VM progress update: data segment and constants

Today I'd like to introduce another addition to the virtual machine I'm working on: the data segment.

Let's first take a look at why this is necessary. Here's a piece of assembly code that multiplies 2 by 2:

; Load value '2' into register r0
li r0, 2
; Multiply register r0 by 2 and
; put result back to r0
mul r0, r0, 2

There instruction here that allows to load a constant into a register is li which stands for "load immediate". The value that it loads into the register is encoded as part of the instruction itself.

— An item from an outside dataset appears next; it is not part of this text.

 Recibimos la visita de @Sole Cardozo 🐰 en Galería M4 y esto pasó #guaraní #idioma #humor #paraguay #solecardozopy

Since the size of the instruction is 32 bit, the size of the instruction code is 7 bit, and the size of the register number is 4 bits, it leaves 21 bits for the value. 21 bits is only enough to encode a range of values between -1048576 and 1048575.

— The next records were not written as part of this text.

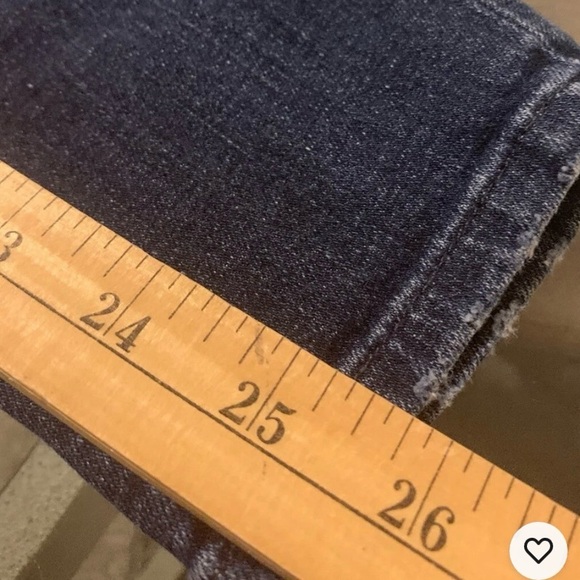 Good American Jeans Women’s Blue 2/26 Good Legs Crop - Picture 7 of 8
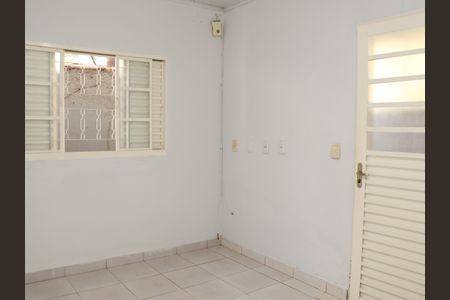 sala de casa para alugar com 2 quartos, 75m² em Setor Central, Goiânia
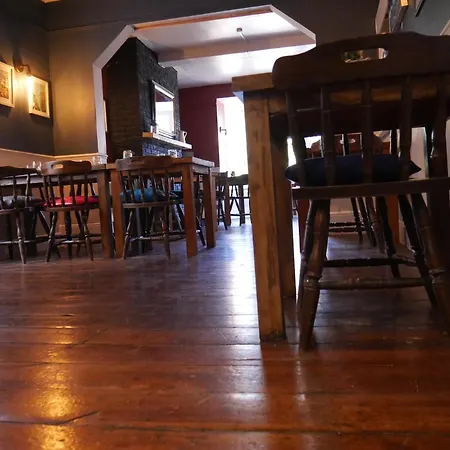 The Fox And Hounds-3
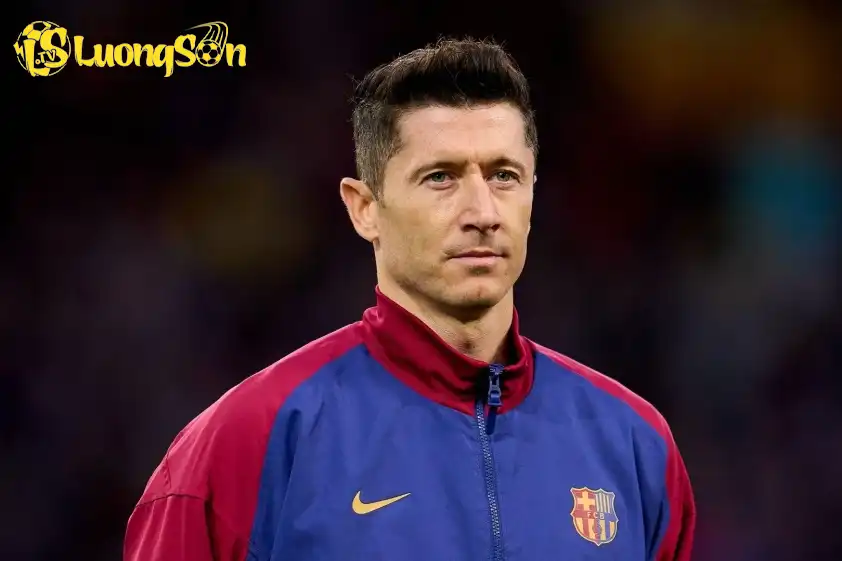 Lewandowski nhiều khả năng rời Barcelona vào hè năm sau khi hết hợp đồng (Ảnh: barcauniversal)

Representing such a short range is OK in practice in many pieces of code that deal with offsets. You can have larger ranges, but with a high likelihood, most of the values in your code will be quite short (think loop counters).

But if you have a larger value, you need to be able to represent it somehow. One way to do that is through bitwise operations: load 21 bits at a time, and then bit-shift and bit-or until you get the desired value. It would work for integers, and won't require any additional operations. Though, it will take a lot of instructions to do the same work that one instruction should have accomplished.

Another problem with just using bit-shifts is that you can't easily encode strings and other more complex data structures this way. Any more complex constant will require executing lots of sequential instructions to reconstruct a particular data type.

For this reason, regular executables contain both a code and data section. Whenever an executable is loaded into memory by a kernel, the sections get mapped into memory at predictable addresses, and the code can just load a constant either from the absolute address or from an offset relative to the instruction pointer.

For my virtual machine, I don't want to mix the code and data as part of one logical memory block. This is because I would like to minimize the chance of memory corruptions, and thus arbitrary memory access in the VM is not possible. What I have instead is a representation of code as a pair of values: an array of instructions, and an array of constants. This pair can be predictably serialized to a file, and then loaded into memory later.

To make it possible to load constants from the constant array, I've added a new instruction called loadc where you pass a register and an index to the array. When executed, the instruction will load the value of the constant to the specified register.

Here's what its usage looks like (note the u8 suffix is just a way to tell the compiler that this is a 8-bit unsigned integer):

loadc r0, 255u8
loadc r1, 2u8
add r0, r0, r1 ; r0 would contain "1"

Also note, that when writing the assembly code, you don't need to fill in the constant array yourself. The compiler does that for you. You just specify the constant as a second argument, and during compilation the compiler would move the constant to the array and insert the opcode with the correct index in place of the loadc instruction.

Right now there is only support for integers, but adding other data types should be relatively easy.